Close to a black hole, its gravity is so strong that nothing can get away, not even light. This is why we cannot see into a black hole - because they do not reflect or emit light. We also can't study them using radio waves or microwaves because these are also types of light. The distance at which light cannot escape from a black hole is known as its event horizon. In 2019, astronomers got the first image of the event horizon of a black hole in the centre of Messier 87.
However, it is possible to see the effects of a black hole. The gravity of a black hole is strong enough to pulls on the stars and material far around it. Gas, dust and other stars close to a black hole can be sucked in by gravity - a bit like water going down a plughole.
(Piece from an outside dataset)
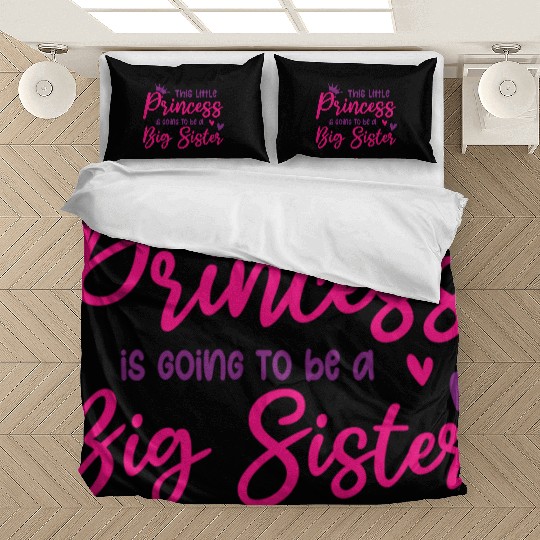 Little Princess Big Sister -Pregnancy Announcement Bedding Sets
As material swirls around the black hole it crashes into each other, producing heat and light. This light is far enough away from the black hole to escape so that we can see the activity.
We can also find black holes using something called gravitational lensing. Black holes are so massive their gravity distorts and bends the light from distant galaxies. Gravitational lensing can smear light from galaxies into ring shapes, or even produce more than one image of the same object!